Plot and Characters:
In the First Act, we meet most of our main characters. A lady and her daughter, waiting for their son/brother, Freddy, begin talking to a common flower peddler, Eliza Doolittle. Meanwhile, a man, whom we later find out to be Professor Henry Higgins is madly taking notes on everything Eliza is saying. When this is brought to her attention, she protests loudly, claiming that she hadn't done anything wrong. A well dressed Gentleman is kind to her, calms her down and sticks up for her, though quickly forgets about her when Professor Higgins shows his little Parlor Trick of being able to pin a person's birthplace within just a few blocks by listening to their dialect. The Gentleman turns out to be Colonel Pickering, and the two had been looking for each other to talk about their respective language studies. As they walk away together, Professor Higgins throws spare change to Eliza, which is more money than she's ever seen in one place at one time.
The next day, Higgins and Pickering are tinkering with the equipment in Higgins's laboratory when Eliza comes to ask for language lessons, offering to pay with the very money Professor Higgins threw at her the night before. Higgins shows his true self when Eliza walks in and he asks Pickering shall we ask this baggage to sit down or shall we throw her out of the window? This leads to a wager between the two gentlemen. Pickering bets Higgins all the expenses of the experiment that Higgins cannot pass Eliza off as a lady at an upcoming social event to which Higgins responds It's almost irresistible. She's so deliciously low--so horribly dirty--. And so it begins
The Professor's mother, Mrs. Higgins shows worry for Eliza, telling the two men that they certainly are a pretty pair of babies, playing with [their] live doll. She wonders aloud what will become of Eliza when this little game has come to a close for the men.
The final two Acts show the aftermath of Eliza's debut as a duchess, which we don't get to see. We learn of the love triangle that has entangled Freddy, Eliza and Henry Higgins. At the end of the play, the reader is free to make his or her own decision about what happens to the characters, since no real resolution is given. In the Epilogue, however, Shaw opens with The rest of the story need not be shown in action, and indeed, would hardly need telling if our imaginations were not so enfeebled by their lazy dependence on the ready-mades and reach-me-downs of the ragshop in which Romance keeps its stock of "happy endings" to misfit all stories, and then gives a quick description of the events that follow the play.
Writing Style
George Bernard Shaw wrote his version of the Greek myth as a play. Unless you're used to reading plays, it takes a little while to get into them. It is mostly dialogue, with a bit of stage direction here and there. The play takes place in England, and the first couple times Eliza speaks, the author tries to give us an idea of her dialect: Ow, eez ye-ooa san, is e?

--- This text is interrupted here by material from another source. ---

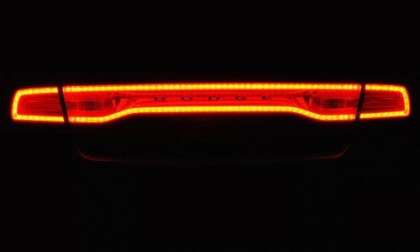 The taillight of the 2012 Dodge Charger SRT8 lit up at night.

Wal, fewd dan y' de-ooty bawmz a mather should, eed now bettern to spawl a pore gel's flahrzn than ran awy athaht pyin. and then he apologizes and states that this desperate attempt to represent her dialect without a phonetic alphabet must be abandoned as unintelligible outside London. After that, her lines are much easier to read.
Final Thoughts and Recommendations
This is one of my favorite plays, and not only because my favorite actress played the part to perfection in My Fair Lady, but because it's a wonderful story, with great characters, a not so predictable ending. I did read this before I saw the movie, and once I saw it, it is now hard for me to read this play without singing the songs associated with the movie. If you're so inclined to read this (and I wholeheartedly urge you to do so), go to http://www.online-literature.com/george_bernard_shaw/pygmalion. You can read it there as long as your eyes don't start bugging out of your head from staring at the computer monitor too long. Once you do that, I'm sure you'll want to add it to your permanent bound paper collection.
Any guesses as to which character I played in college?